- [INPUT DATA]:
=== Begin Enclosure ===

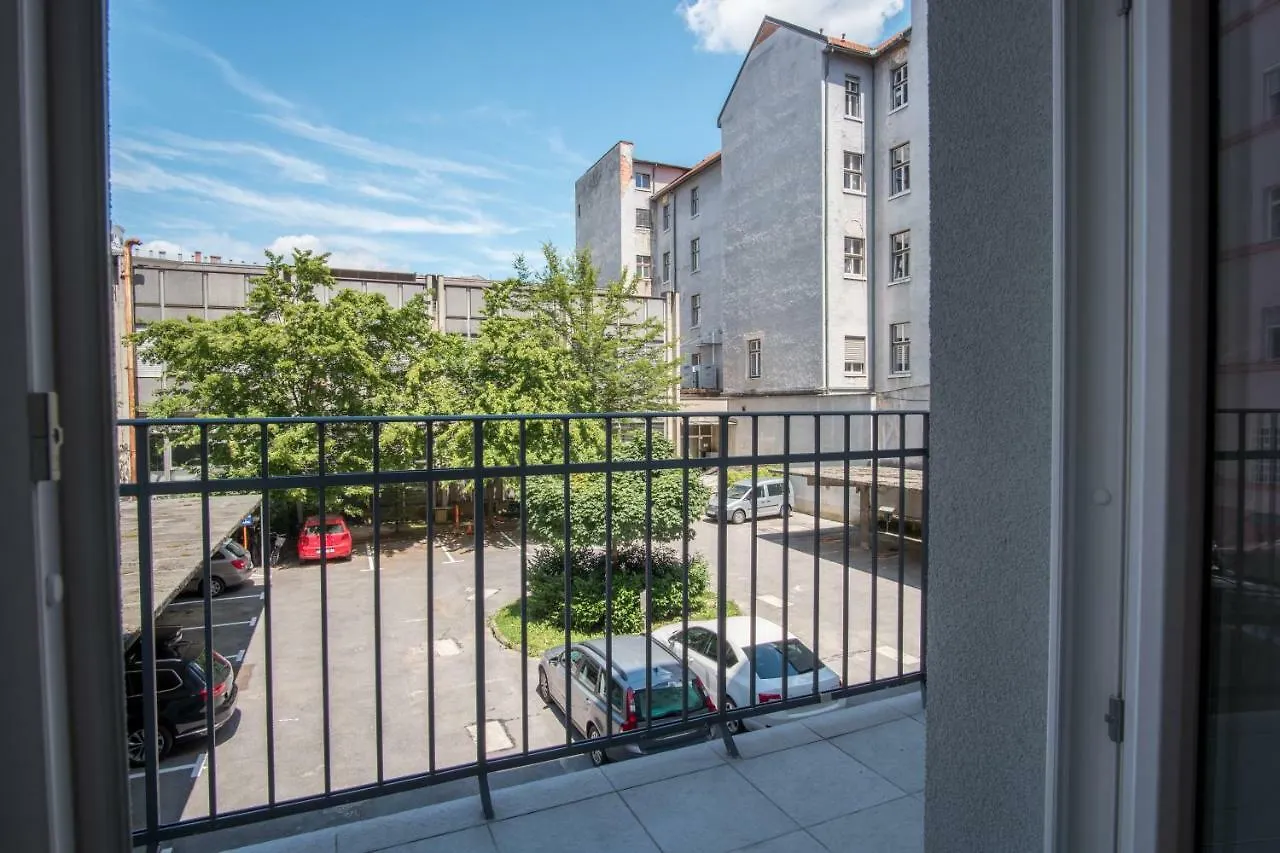 Luxury Central Apartment Ljubljana Slovenia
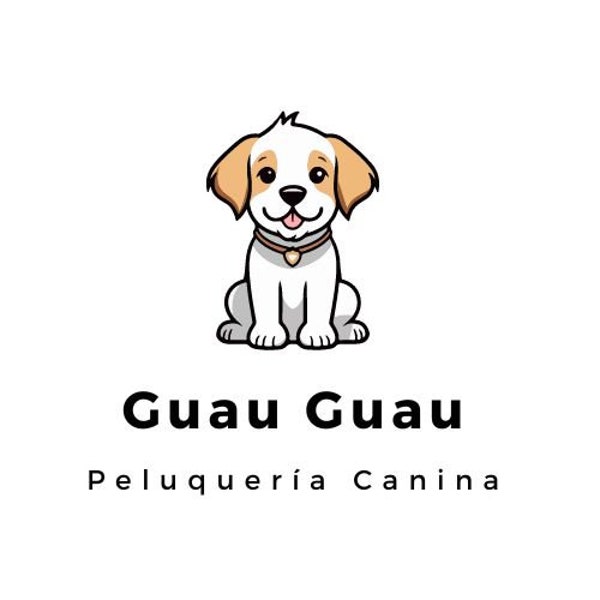 Logotipo Personalizado de Perro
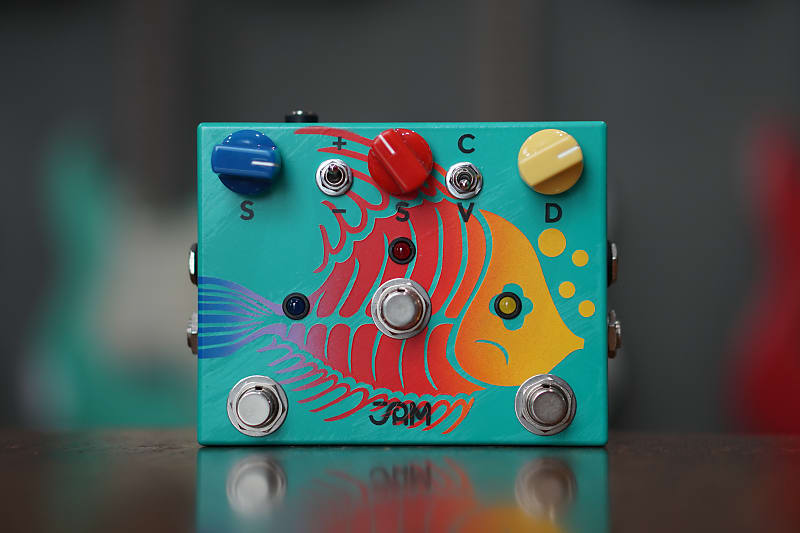 JAM Pedals Ripply Fall | Reverb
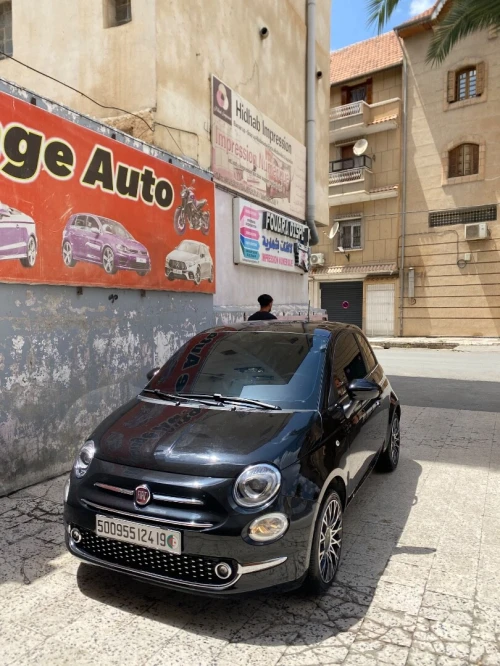 Fiat 500 2024 Dolcevita plus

=== End Enclosure ===

- [WHAT YOU NEED TO DO]:
Everything in the data except the pictures needs to be written out exactly.

- [OUTPUT OF THE EXERCISE]:
 Luxury Central Apartment Ljubljana Slovenia
 Logotipo Personalizado de Perro
 JAM Pedals Ripply Fall | Reverb
 Fiat 500 2024 Dolcevita plus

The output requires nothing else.